#### The input:
********

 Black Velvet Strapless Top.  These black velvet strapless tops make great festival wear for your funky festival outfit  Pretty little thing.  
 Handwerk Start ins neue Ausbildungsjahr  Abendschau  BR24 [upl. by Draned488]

********

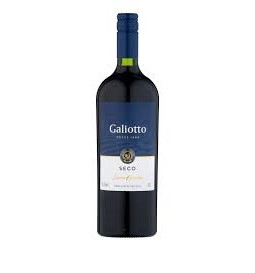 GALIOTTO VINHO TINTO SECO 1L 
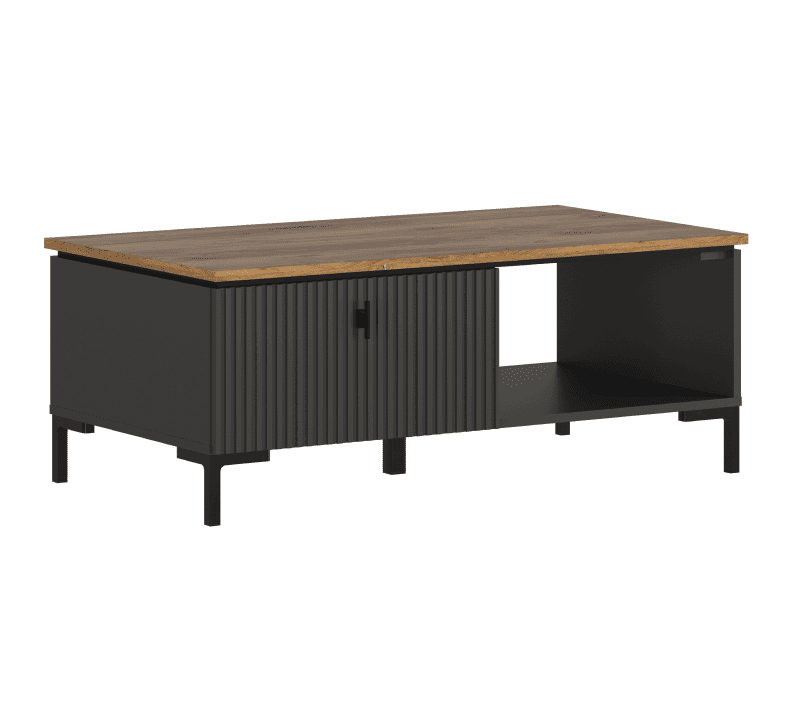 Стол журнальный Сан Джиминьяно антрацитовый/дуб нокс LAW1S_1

********

#### Exercise:
Using the records above, restate word for word the lines from the one with "Black Velvet Strapless Top." through the one with "Handwerk Start ins", both included.

#### Task response:
 Black Velvet Strapless Top.  These black velvet strapless tops make great festival wear for your funky festival outfit  Pretty little thing.  
 Handwerk Start ins neue Ausbildungsjahr  Abendschau  BR24 [upl. by Draned488]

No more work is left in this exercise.